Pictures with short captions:
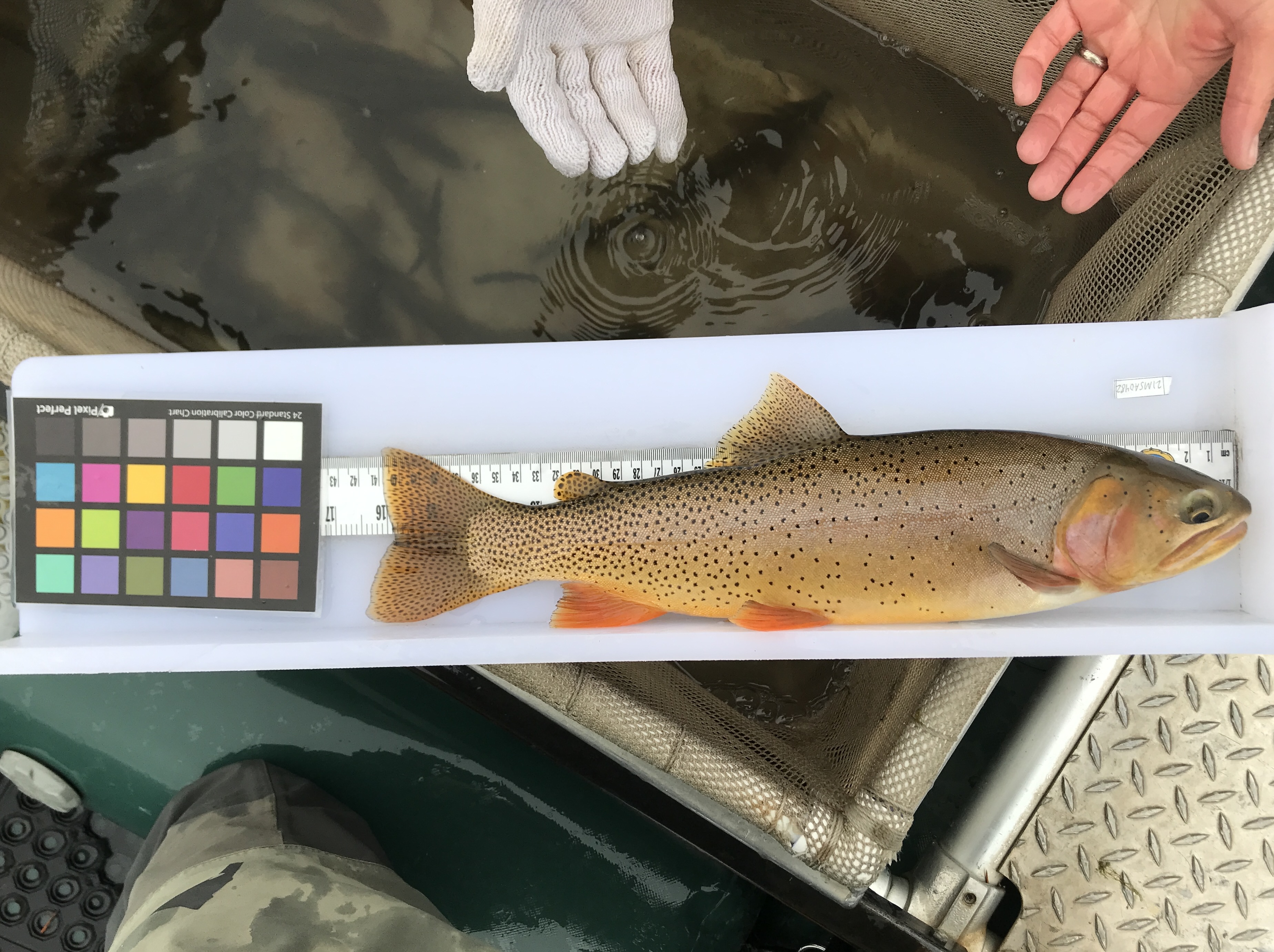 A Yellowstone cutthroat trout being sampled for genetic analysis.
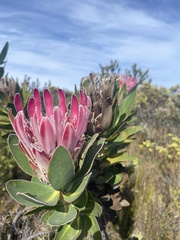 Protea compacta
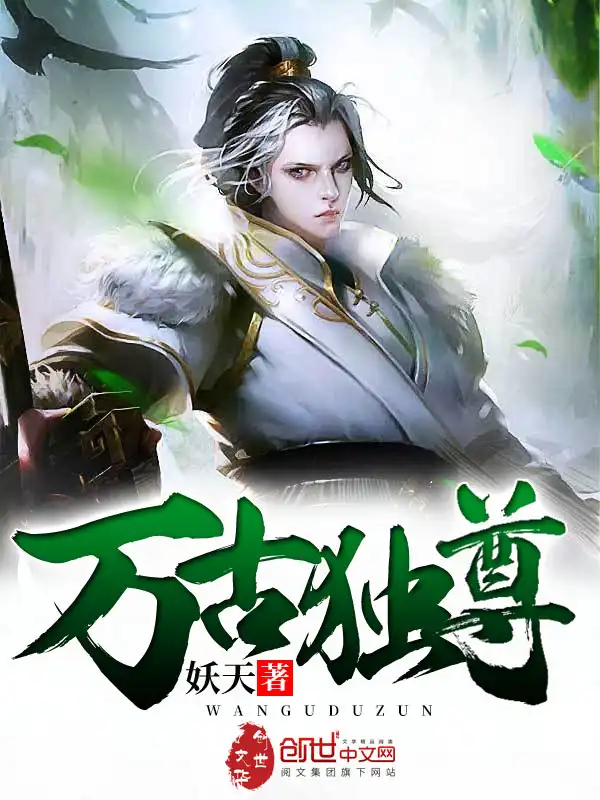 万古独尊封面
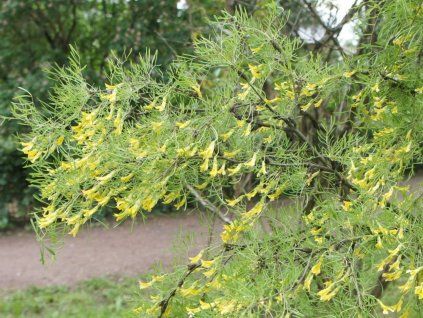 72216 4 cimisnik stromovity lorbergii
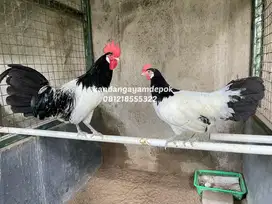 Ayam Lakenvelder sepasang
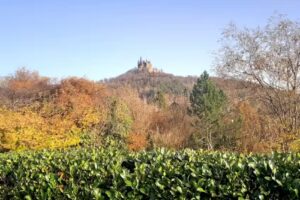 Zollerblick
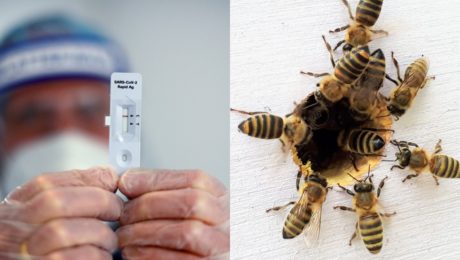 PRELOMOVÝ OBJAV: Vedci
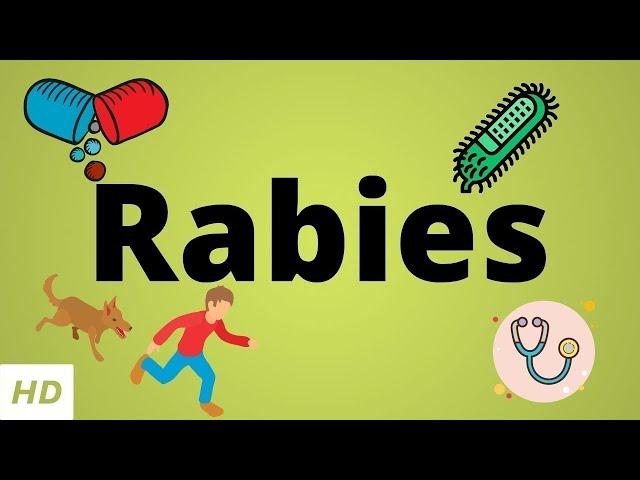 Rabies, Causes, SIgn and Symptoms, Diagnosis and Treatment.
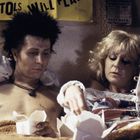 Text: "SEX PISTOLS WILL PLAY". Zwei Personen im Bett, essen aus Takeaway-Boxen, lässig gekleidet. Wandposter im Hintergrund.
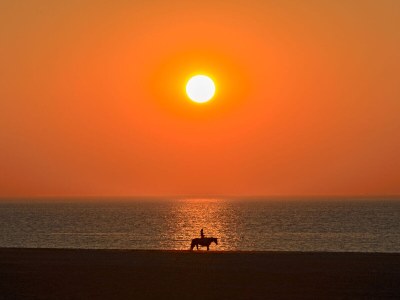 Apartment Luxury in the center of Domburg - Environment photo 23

▶ [What needs to be done]:
What is needed here is an exact copy of the lines from the line containing "72216 4 cimisnik stromovity lorbergii" through the end of the records, with every picture left out.

▶ [Response to this task]:
 72216 4 cimisnik stromovity lorbergii
 Ayam Lakenvelder sepasang
 Zollerblick
 PRELOMOVÝ OBJAV: Vedci
 Rabies, Causes, SIgn and Symptoms, Diagnosis and Treatment.
 Text: "SEX PISTOLS WILL PLAY". Zwei Personen im Bett, essen aus Takeaway-Boxen, lässig gekleidet. Wandposter im Hintergrund.
 Apartment Luxury in the center of Domburg - Environment photo 23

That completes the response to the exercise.